Now, as Maggie thought back to last night, and the flood of emotions she saw washing through O’Reilly as he recounted the tragedy of his wife’s and daughter’s deaths, she thought she began to understand the toll that the current situation was taking on him. If he felt that he let his wife and daughter down; if somewhere inside himself he still felt as though he caused their deaths, as he apparently still did, then that guilt had almost certainly shaped his reaction to having other lives dependent on him now.

O’Reilly’s initial aloofness made sense, too. It wasn’t, as she’d first thought, that he’d resented being thrust into the role of babysitter for a bunch of greenhorns.
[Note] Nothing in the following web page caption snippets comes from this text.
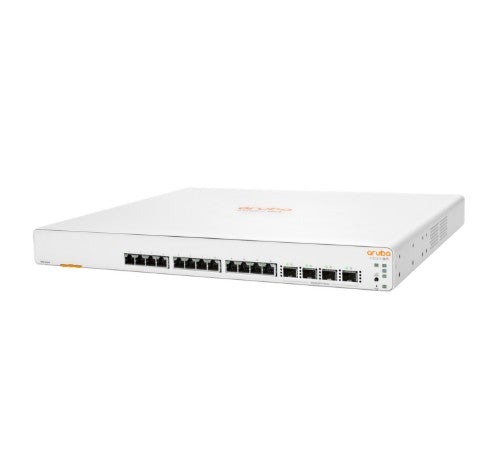HPE Aruba Networking Aruba Instant On 1960 12XGT 4SFP+ Managed L2+ Gigabit Ethernet (10/100/1000) 1U White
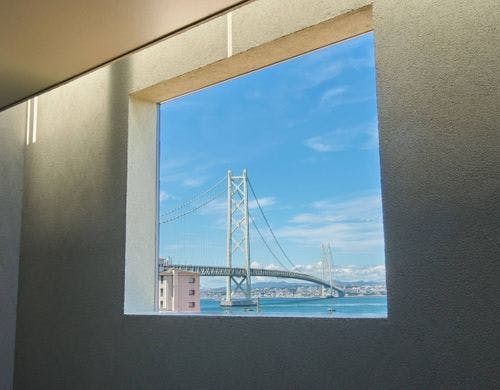 【villa1】明石海峡大橋と淡路島の海を一望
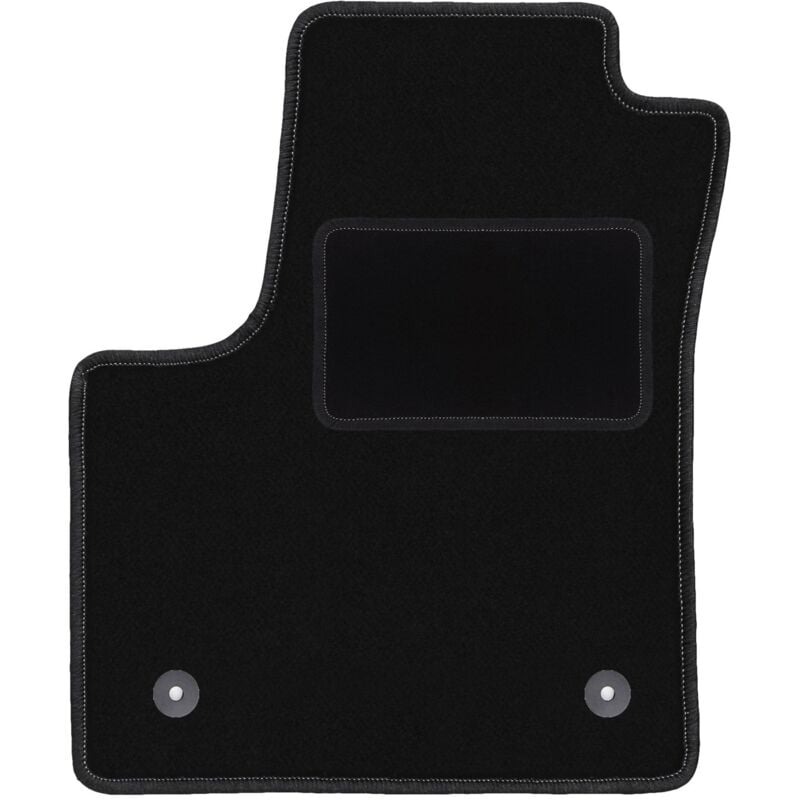 Tapis conducteur noir pour monospace Opel Meriva B (2010-2017)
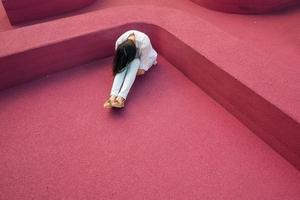 So Sad Person On Floor sad anime wallpaper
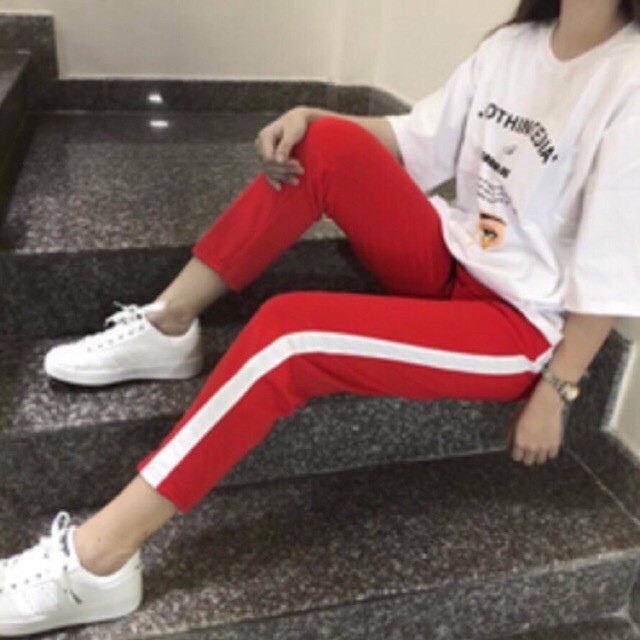 Quần jogger unisex 1 line cá tính siêu hot hit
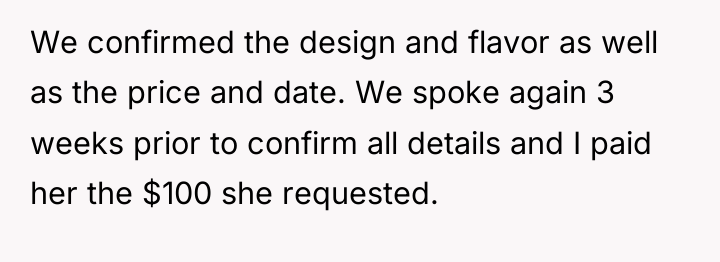 We confirmed the design and flavor as well as the...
From the way he’d described his earlier life, he’d done a pretty good job of isolating himself from anyone whom he might care about, and who might care about him. It must have been overwhelming, not to mention frustrating, to suddenly find himself in charge of seven other lives. It also explained a lot about why he’d left Christina behind, in spite of the way he felt about the APZs.

Maggie shook her head as she turned her back on the empty little house and walked out, carefully closing the door behind her. The challenge, as she saw it, would be to make sure that O’Reilly didn’t sacrifice himself needlessly because he was afraid of letting someone else down. Her stomach turned at the thought of O’Reilly captured... killed.

The irony of the situation suddenly hit her, causing her to stop short. Here was someone fighting for all he was worth to keep from opening himself to anyone lest he be hurt, or cause hurt, again, and he’d told her most of his secrets. Yet, she couldn’t remember a time where she’d bared her soul to him about her past.

Granted, she thought wryly, resuming her walk to the barn, her past hadn’t been nearly as exciting as his, apparently. Downright boring, when you thought about it. But still, she’d been guarding her memories of Mike carefully, never discussing her loss with O’Reilly as he’d told her about his. Maybe it was because since running into the ranch lands, she’d been busy just trying to keep Mark and herself alive. Maybe there were other reasons.

She snorted. 
Fine pair O’Reilly and I are,
she thought.
When all this is done, and we’ve lived through it, he and I will have to have a serious talk. All the skeletons out of the closets and the ghosts banished.
A smile flitted across her face as she realized that she was already thinking of the future, as though the battle had already been fought and won.

Maggie headed on, humming as she went, a bounce in her step.